We are living in a pivotal moment for the future of the arts in America. While some countries such as Japan have made plans to cut governmental funding for programs in the humanities and social sciences, the U.S. could be facing some sacrificial cuts to the arts due to budgetary concerns as well. In the week leading up to his inauguration, President Donald Trump revealed plans to cut the National Endowment for the Arts and National Endowment for the Humanities, as well as a call to privatize the Corporation for Public Broadcasting, which is the parent organization of NPR, PBS among others.
Just as a refresher, according to the official website, the NEA “is an independent federal agency that funds, promotes, and strengthens the creative capacity of our communities by providing all Americans with diverse opportunities for arts participation.” Among the many grant opportunities the endowment offers are music, visual arts, theatre, literature, dance, opera, as well as arts education, research, the creation and strengthening of artistic communities, and many more.
It’s become a cliché that the arts have to fight for their space in the American curriculum, despite the fact that they have overwhelming approval and appeal throughout all walks of life. College admissions counselors look for them in transcripts and applications as indications of a well-rounded learner. Students find ways to repackage their seven years of band and strings as a more general indication of their discipline and work ethic and repurpose their love of theatre into the utility of public speaking. Even though employers may turn their nose up at poetry, they continuously cite reading comprehension and writing skills as priorities for a professional career.
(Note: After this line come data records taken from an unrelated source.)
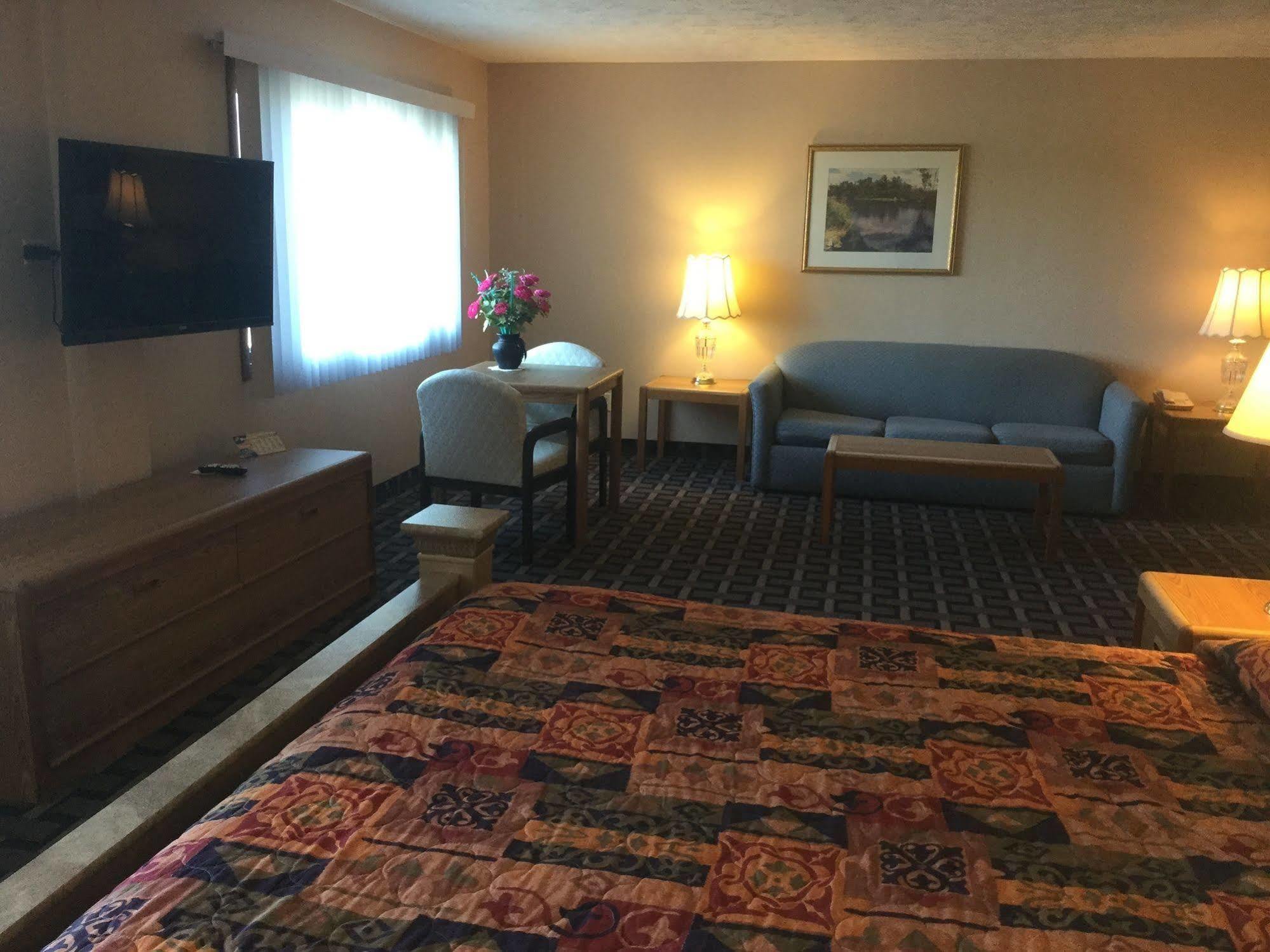 Sky Lodge Inn & Suites - Delavan Esterno foto
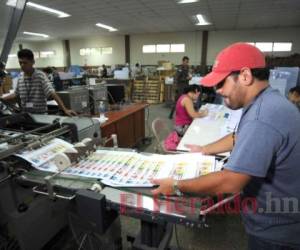 Entre los documentos electorales a imprimir el CNE tiene contemplado papeletas, cuadernillos de votación, actas originales de apertura y de cierre, listados y otros. Foto: El Heraldo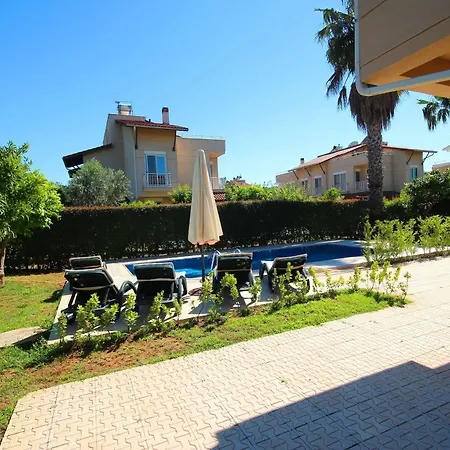 Paradise Town Lisa *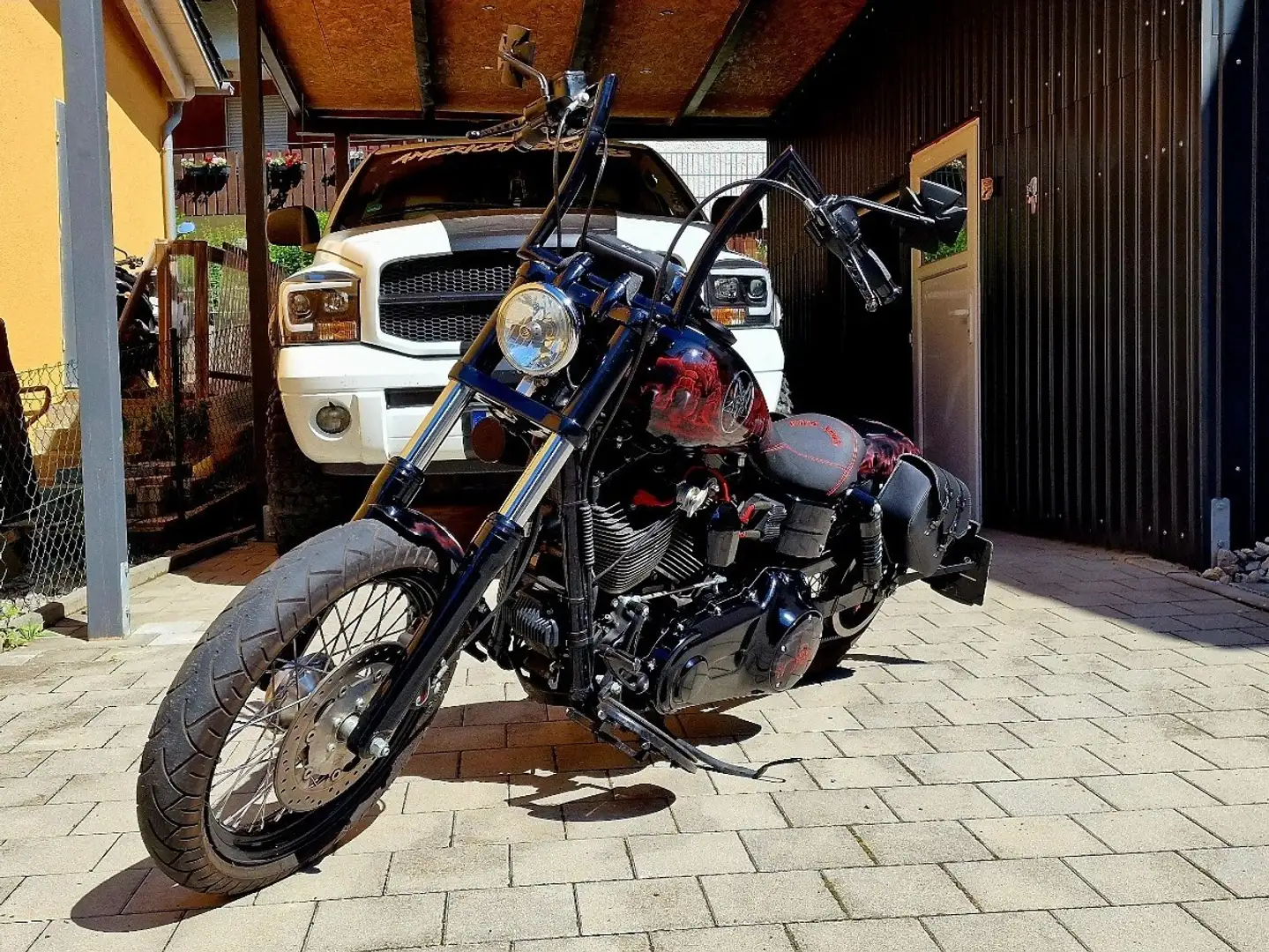 Harley-Davidson Dyna Street Bob Negru - 2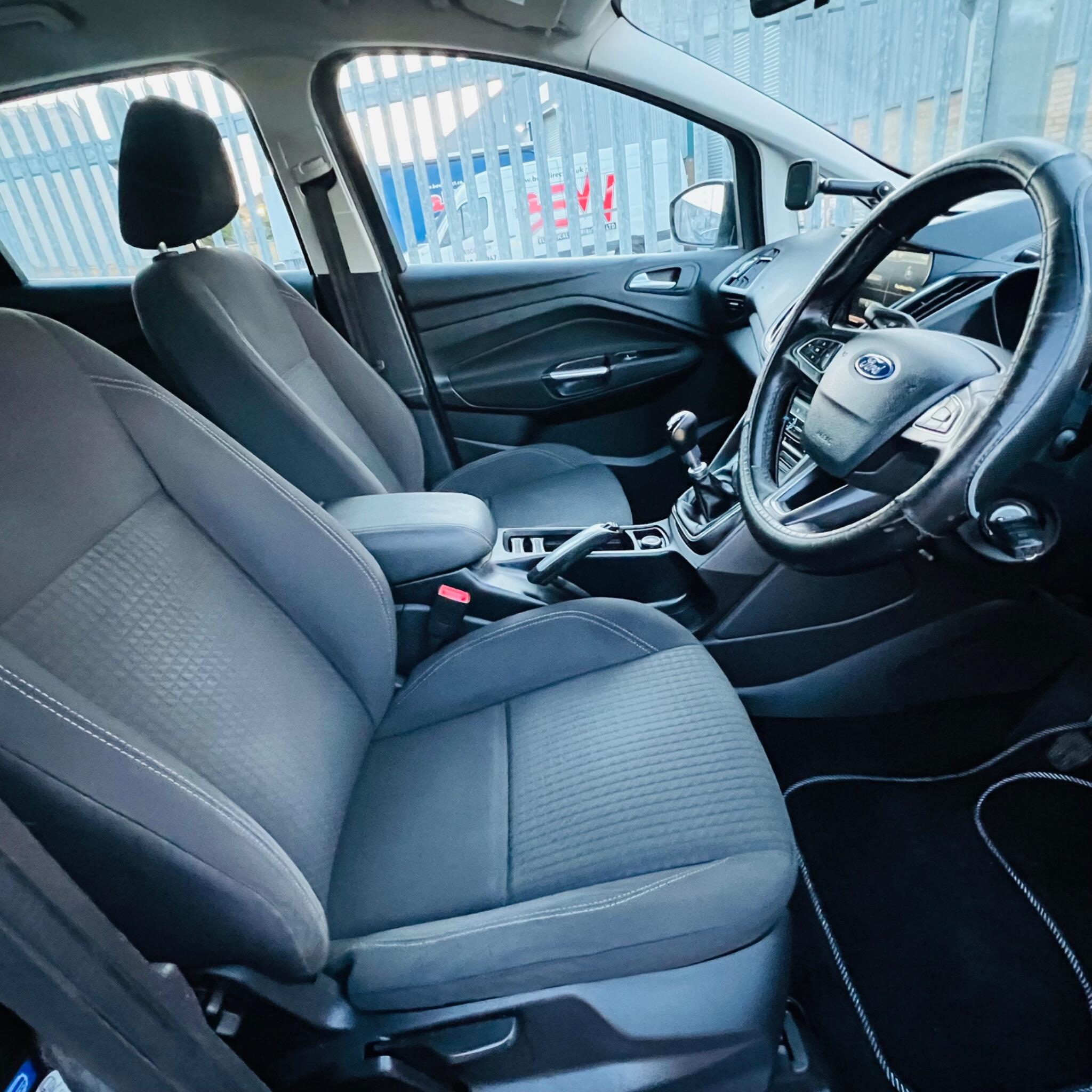 Ford C-Max view 16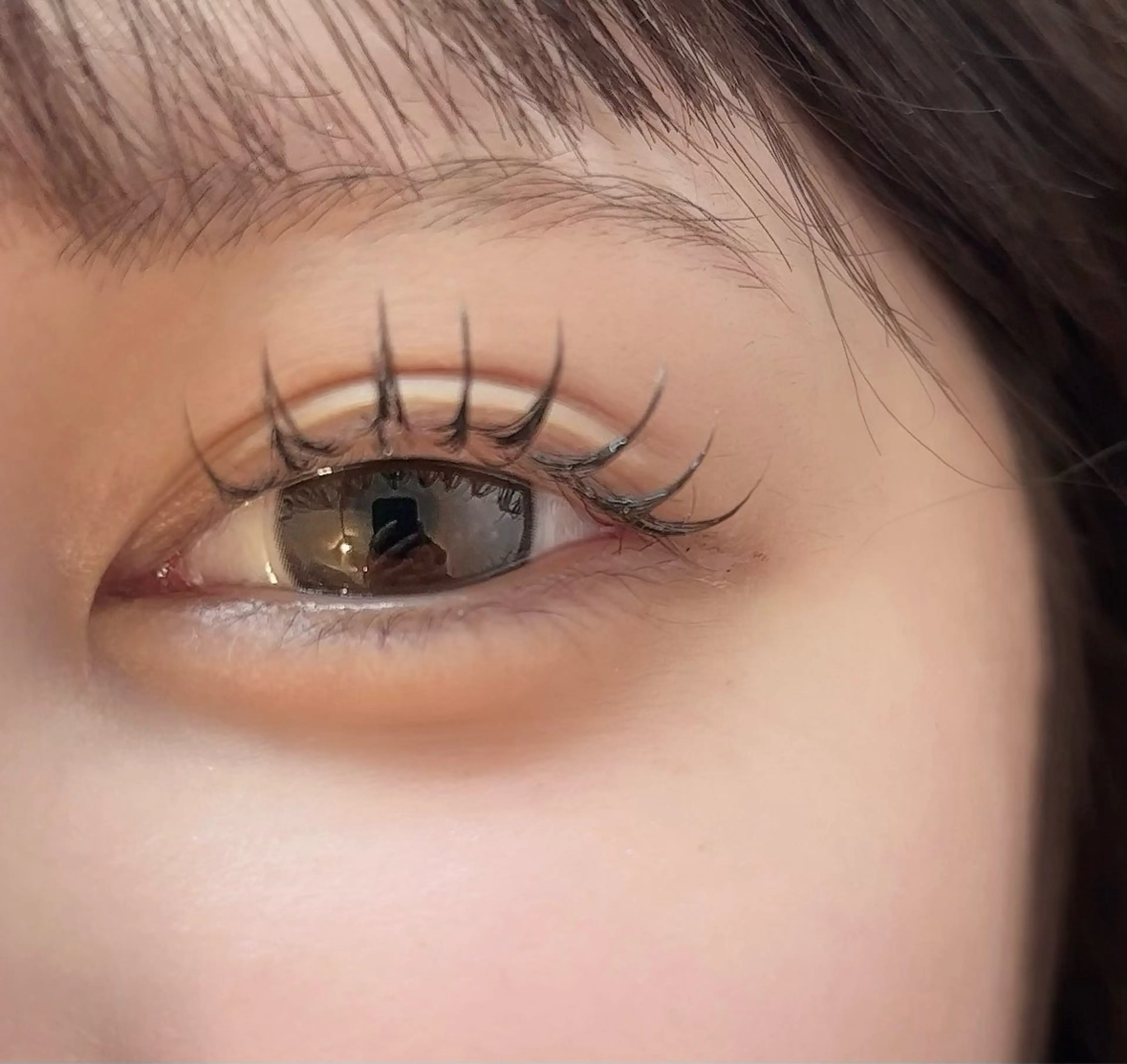 ナチュラル派にフラットラッシュ80本　アイシャンプー無料　コーティング剤　オフ無料　オフあり＋20分の写真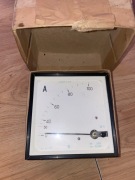 Amperomierz E351 (rok 1982) | Tablicowy | ZSRR | Sprawny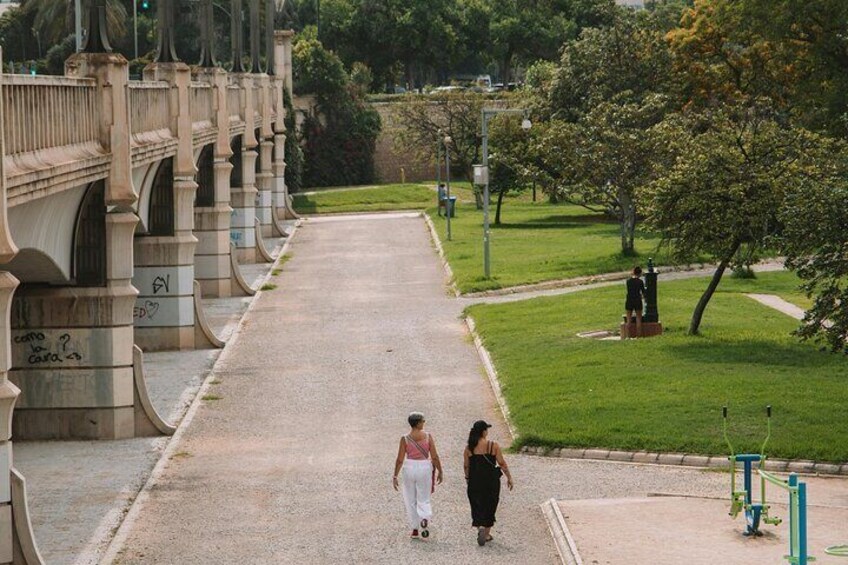 The old cause of the Turia River is the perfect and safe setting to share.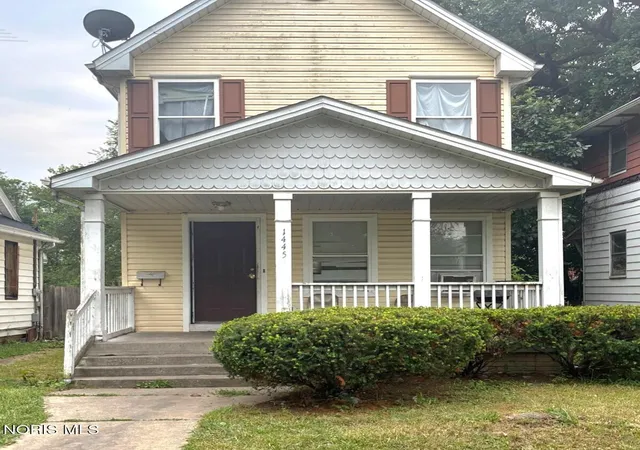 Photo 1 of Single family home for sale at 1445 Oakwood Ave, Toledo, OH 43607 | MLS# 10010804 | Listing updated on 2026-07-27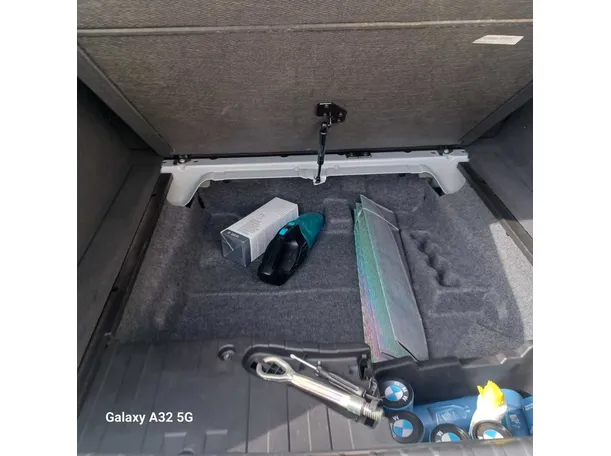 Car image 28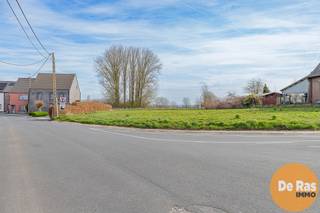 <strong>HAALTERT - Rustig gelegen bouwgrond met open zicht en centrale ligging </strong><br /><br />In een rustige en residentiële buurt te Haaltert bevindt zich dit noord-oost georiënteerde perceel bouwgrond van maar liefst 1.014 m². Een ideale opportuniteit voor wie op zoek is naar een aangename woonomgeving, gecombineerd met een uitstekende, centrale ligging.<br /><br />Dankzij de vlotte verbindingen bereikt u in een mum van tijd omliggende steden en belangrijke invalswegen, terwijl u toch geniet van de rust en het groene karakter van de omgeving.<br /><br />Met een straatbreedte van 16 meter en een diepte van 50 meter aan de linkerzijde en 75 meter aan de rechterzijde biedt dit perceel tal van architecturale mogelijkheden. U heeft alle ruimte om uw droomwoning te realiseren, volledig afgestemd op uw wensen en levensstijl.<br /><br />De grond is gelegen in woongebied met landelijk karakter, wat garant staat voor een harmonieuze combinatie van wonen en groen. Bovendien bevindt het perceel zich in zone A, waardoor het niet overstromingsgevoelig is — een extra troef voor wie zorgeloos wil bouwen.<br /><br />De gunstige oriëntatie zorgt voor een mooie lichtinval doorheen de dag en laat u optimaal genieten van een aangename tuinzone. Achteraan geniet u bovendien van een open zicht op agrarisch gebied, wat een extra gevoel van rust en ruimte creëert.<br /><br />Kortom, een unieke kans voor wie wil bouwen op een topligging waar rust, ruimte en bereikbaarheid perfect samenkomen.<br />Prijs exclusief aansluitkosten.<br />Voor meer informatie of een bezoek ter plaatse kunt u ons steeds telefonisch contacteren op 053/60.65.60.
The arts, it seems, at least in budgetary and policy concerns, are what we do until we need to do something else—in other words, until we grow up and make money. But what these policymakers seem to forget (something those in the arts already know) is that “growing up and making money” is what we do keep ourselves occupied. The arts are what we do to live.
We hear about times of turmoil and strife, say the Great Depression, when jobs are scarce and food is scarcer, when farmers and their families would pick up a fiddle and play in the night around a fire. We hear about the tradition of slave gospels during the 19th Century, singing of a balm in Gilead, as a means to endure the Hell and indignity of subjugation. We hear about the floods of Jewish immigrants, many of whom were or would become scientists, doctors, laborers, and of course, composers, writers, actors, and painters. For these people (and all of us), the arts were an escape of sorts, the essence of the spirit, the thing to look forward to when there is nothing left, the joy of letting something they create, something intangible, divine even, wash over them.
We see shades of this tumultuous relationship with the arts today in many ways, where people reach for that “essence of spirit” to help us cope with and explain the world around us. Most recently, we are reminded of the inauguration of Donald Trump and the accompanied rise in sales of dystopian literature. Amazon even claimed that they had sold out of George Orwell’s seminal dystopian work 1984. One can imagine Orwell reeling over terms like “alternative facts” and “fake news.” Yet, 70 years after its publication, people turn toward literature as a mirror to our current reality.
Other forms of media continue to value the pursuit of the arts as not only an obsession, but also as soul food, while simultaneously illustrating the clash between those pursuits and the expectations of “the real world.” One example is the enchanting film (and Oscar frontrunner) Damien Chazelle’s La La Land which reminds us that sometimes the hardest thing in the world is to do what you love.
What we need to do is remember that art isn’t merely a privilege reserved for those with time, money, and talent. Art is crucial to our national character and the human spirit. We need to find ways to continue to support the arts as well as any form of free expression in the coming days, as the threat of these avenues becomes more and more of a reality. Here are some ways to do so:
–Visit an art museum or gallery
–Audition for or volunteer at a community theatre
–Support local musicians, both children and adults.
–Take an arts and crafts class
–Work on that novel you’ve had knocking around in your head
–Attend a poetry reading at a local college or university
–Take ballroom dancing lessons
–Submit work to literary journals and magazines
–Watch an independent film
–Frequent your local library
–Join a book club
–Dust off your old trumpet/saxophone/violin/guitar/kazoo and give it a go
–And many, many more…
Together, we can ensure that the arts continue to be valued not only in our private lives, but also in the eyes of politicians, naysayers, and nonbelievers. They may be wrongheaded in their efforts to minimize the prevalence of the arts in our lives, but we must show them that to err is to be human. And so, of course, is to create.